In this volume, we see some early illustrations taken from the British publications, Penny Magazine of 1833-1835, and the Saturday Magazine of 1835, Illustrated London News 1848, The Graphic 1876, and two others. They are supplemented with illustrations from German, French, American and Australian newspapers, together with those from Sri Lankan Muniandi 1869, Ceylon Observer 1887, Ceylon Mail 1888, and the Sinhala, Kavata Kathikaya 1895, Satyalokaya 1897, and Kavata Anjanama 1898.
The 250- odd illustrations, some being composite pictures, are gems of information for a wide spectrum of studies.
The intention of the publishers of the material given in this volume was to inform the British public, of the happenings in a far flung part of their Empire. Hence, it is natural that what has been published was what the Britishers would have liked to know.

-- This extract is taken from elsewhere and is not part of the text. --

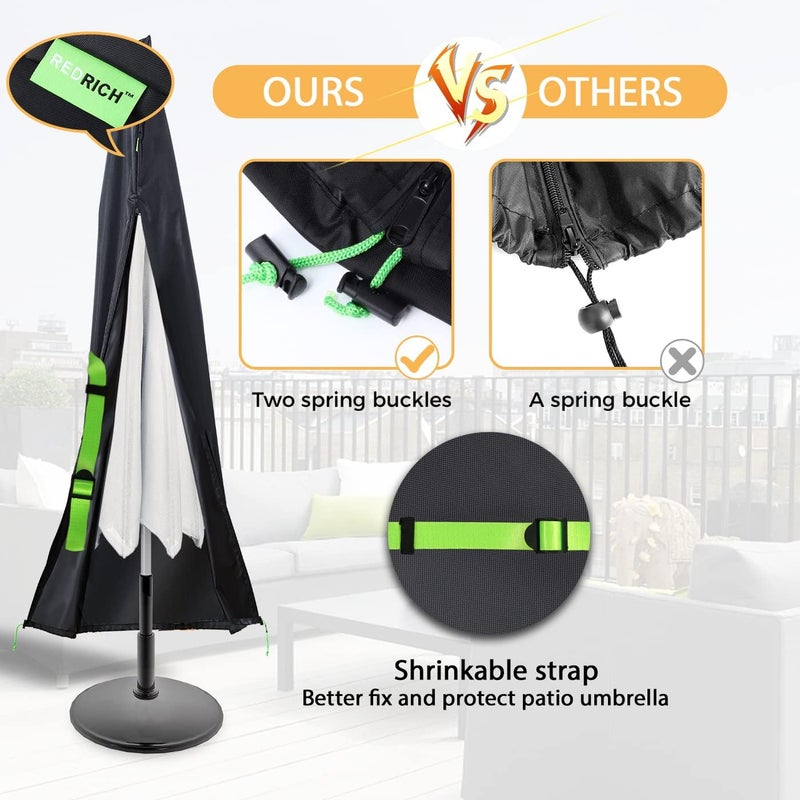 REDRICH Patio Umbrella Cover with Push Rod - Waterproof Patio Parasol Covers with Zipper for 7ft to 11ft Outdoor Umbrellas - Image 5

In that light, the events connected with the visit of Prince Alfred (1876) and of other royalty are well illustrated. An example is the beautiful illustrations on the decorations in Colombo and elsewhere, and the section on kraaling which vividly portrays the capture of elephants on the occasion of the visit of the Prince.
The artists and photographers who had communicated material for the engravings too had been mostly British. Out of the 22 names mentioned in the Introduction, 16 of them like Andrew Nicholl and Arthur Rackham were British. Among the rest are a French Eurasian - Hippolyte Silvaf, two Germans and three Sri Lankans - Van Dort, Andree and Lawton.
It is difficult in a short review of this nature to do justice to the plethora of excellent illustrations in the volume. However, I would mention just one engraving,-the Environs of Colombo (1882) which shows the tranquillity and beauty that prevailed in comparison with the busy, overcrowded, jarring and unkempt environs of today's Colombo. Perhaps the illustration has a little of the engravers or artist's licence, but still it would largely represent that part of the city, as it was at that time.
In the island's history,the 19th century occupies a pre-eminent position as the formative period of modern Sri Lanka. It has given Sri Lanka valuable documentation of its history and civilization, mostly contributed by the British, who were in the island at that time.
In his Newspaper Engravings, Raj has supplemented that information, and that richly, from another medium. Here, Raj has given practically all the known illustrations of that medium on the Sri Lankan scene of the 19th century. Thus, between his Early Prints, and this volume, the visual representations of 19th century Sri Lanka, is almost totally covered.
To my knowledge, the only other place where this genre was discussed and some illustrations were provided was in the Sesquicentennial Volume of the Royal Asiatic Society of Sri Lanka 1845-1995, (1995), where Raj himself gave a pre-view of what was to come in his publication.
I understand that these engravings are perhaps the only genuine and pedigreed collectible items on Sri Lanka now available in the art and antique markets of Britain and Europe. If so, to a collector, the value of the publication would have another dimension.
Technically, between the original and the reproductions, the authenticity of the reproductions are remarkable. Perhaps, here or there, one may see an illustration a shade darker or a shade lighter, which would have been inevitable in the course of reproduction to a uniform size and format required by the volume.
As usual, in this volume too, Raj has set an enormously high standard for the production-he is a perfectionist. This third volume of his, is of the same size, as his other two volumes, and would form a 'trilogy' on the illustrated history of the island, 17th-19th centuries.